---------- Data records ----------

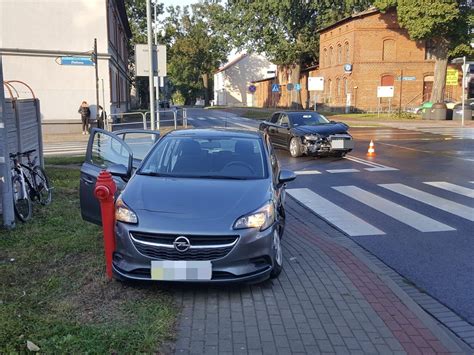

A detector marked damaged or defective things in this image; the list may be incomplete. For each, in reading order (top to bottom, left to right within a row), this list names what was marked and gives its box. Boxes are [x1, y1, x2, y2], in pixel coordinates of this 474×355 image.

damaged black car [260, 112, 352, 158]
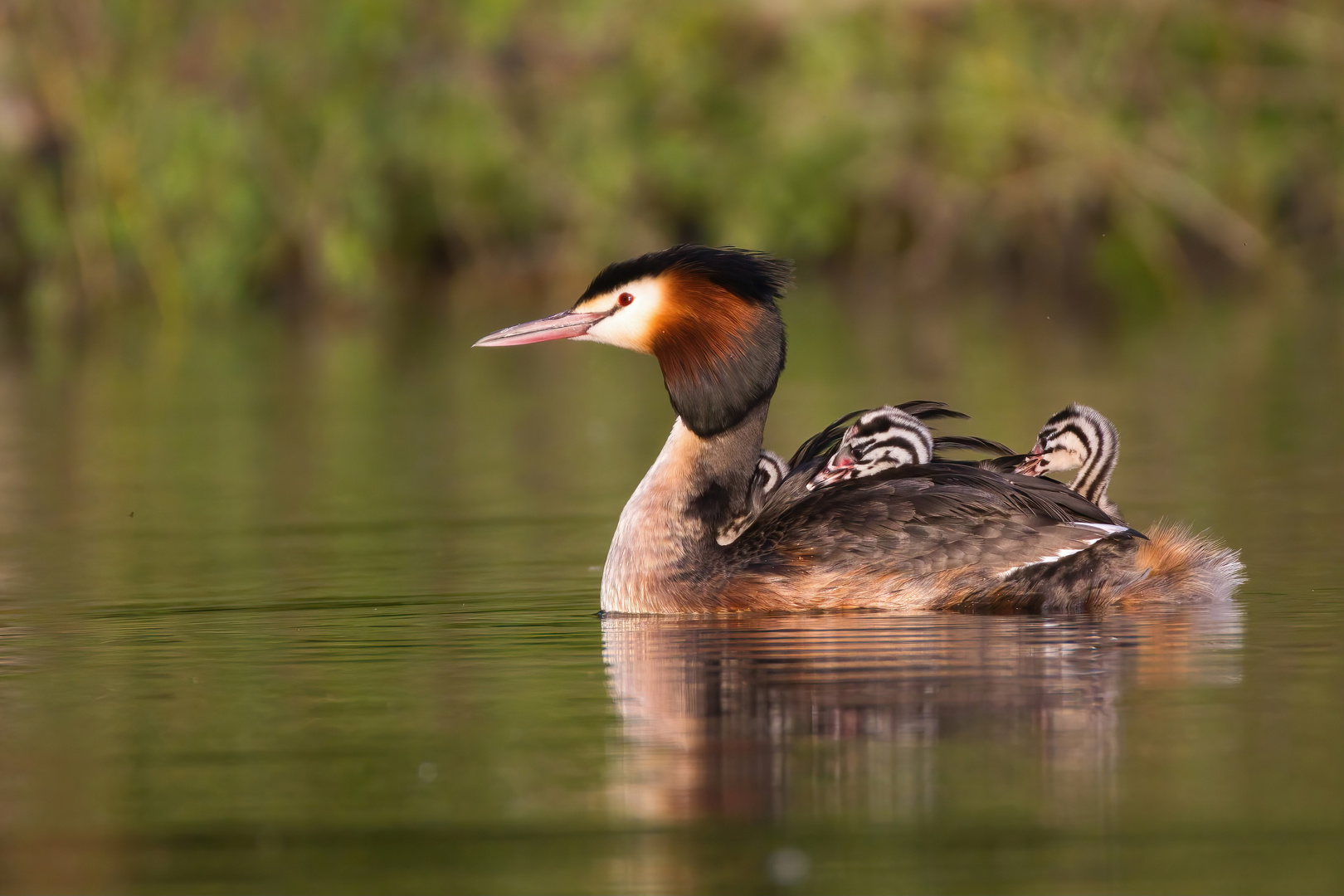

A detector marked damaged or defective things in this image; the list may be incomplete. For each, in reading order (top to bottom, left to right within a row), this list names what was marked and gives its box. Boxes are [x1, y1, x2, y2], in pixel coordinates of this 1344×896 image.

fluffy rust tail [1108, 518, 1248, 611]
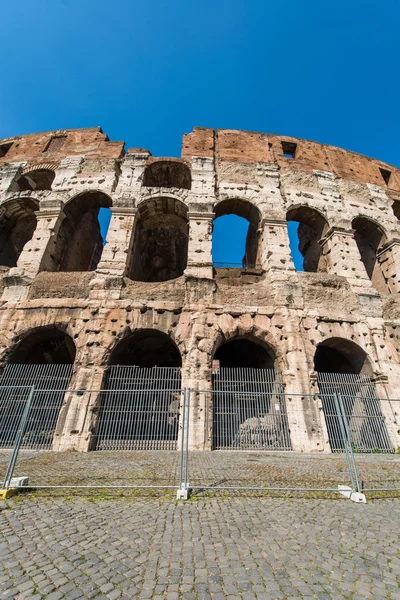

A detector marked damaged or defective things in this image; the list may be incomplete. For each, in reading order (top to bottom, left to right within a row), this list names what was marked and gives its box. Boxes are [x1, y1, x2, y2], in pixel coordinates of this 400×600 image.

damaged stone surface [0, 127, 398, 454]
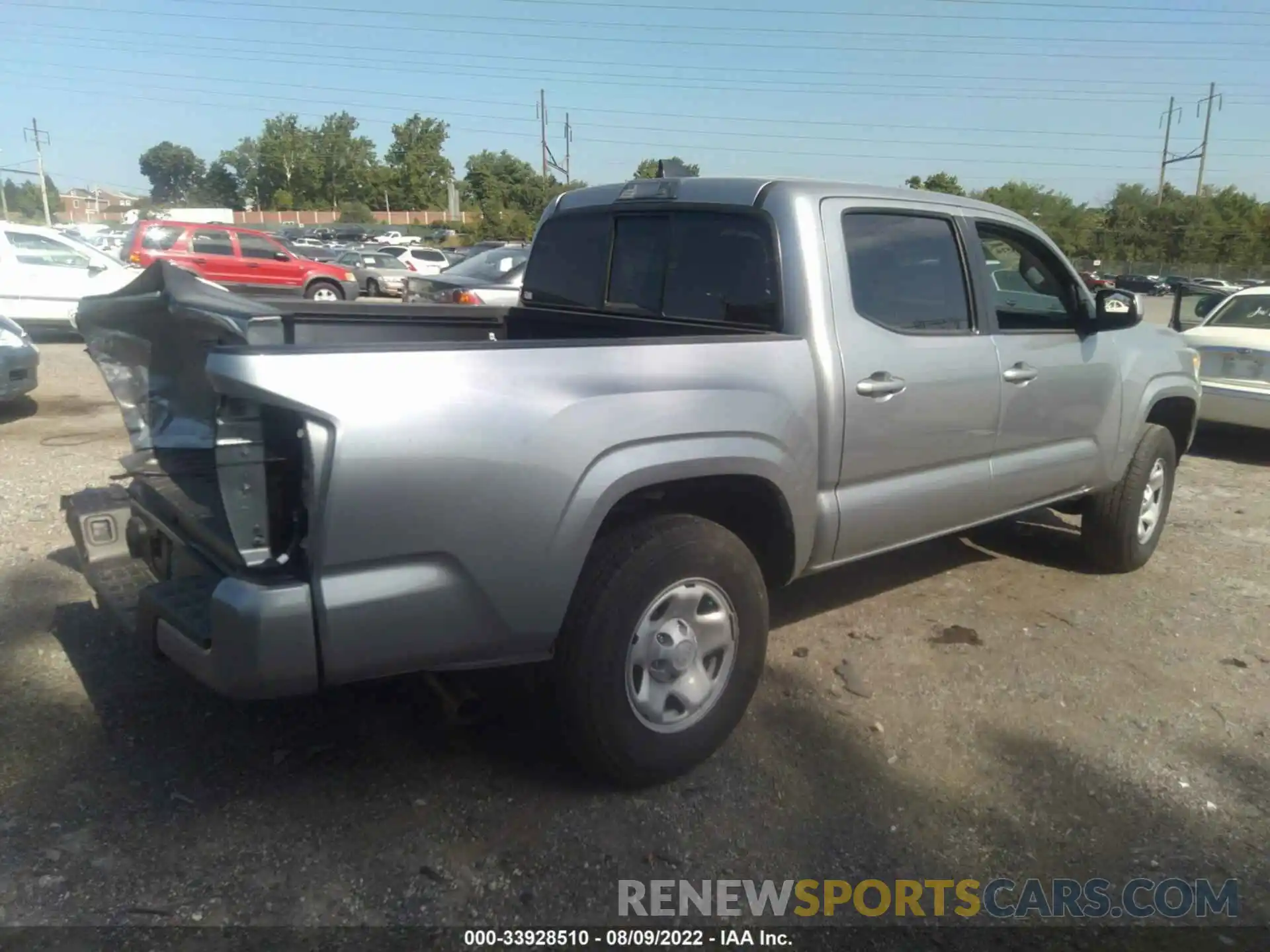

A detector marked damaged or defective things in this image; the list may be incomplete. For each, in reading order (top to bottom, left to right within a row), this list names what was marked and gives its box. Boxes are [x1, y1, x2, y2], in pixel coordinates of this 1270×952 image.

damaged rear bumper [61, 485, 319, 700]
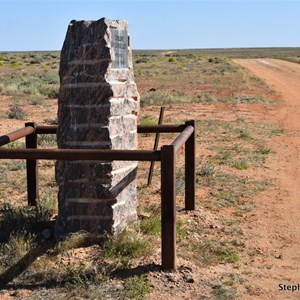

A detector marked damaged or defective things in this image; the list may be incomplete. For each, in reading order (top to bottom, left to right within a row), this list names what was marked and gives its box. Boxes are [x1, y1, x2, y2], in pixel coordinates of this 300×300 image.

----------

- _Work order_:
Leaving the pictures out, reproduce the entries above exactly.

- _Exercise solution_:
A detector marked damaged or defective things in this image; the list may be incomplete. For each, in reading order (top to bottom, left to right within a row), this list names what was marked and gives its box. Boxes are [x1, y1, x2, y2], in pixel coordinates of this 474×355 image.

damaged black car [260, 112, 352, 158]

A detector marked damaged or defective things in this image; the list may be incomplete. For each, in reading order (top to bottom, left to right within a row), this list names what was marked and gives its box. Boxes are [x1, y1, x2, y2], in pixel coordinates of this 1344×896 image.

fluffy rust tail [1108, 518, 1248, 611]

A detector marked damaged or defective things in this image; the list may be incomplete. For each, in reading order (top to bottom, left to right within a row), this list names what was marked and gives its box. Boxes are [x1, y1, x2, y2], in pixel coordinates of this 400×600 image.

damaged stone surface [0, 127, 398, 454]

A detector marked damaged or defective things in this image; the list may be incomplete. For each, in reading order (top to bottom, left to right within a row), this list names what was marked and gives its box. Boxes are [x1, y1, x2, y2], in pixel coordinates of this 1270×952 image.

damaged rear bumper [61, 485, 319, 700]

A detector marked damaged or defective things in this image; the list may be incomplete. For each, in reading order (top to bottom, left to right within a row), this list names what was marked and gives its box. Boxes are [x1, y1, x2, y2], in pixel coordinates of this 300×300 image.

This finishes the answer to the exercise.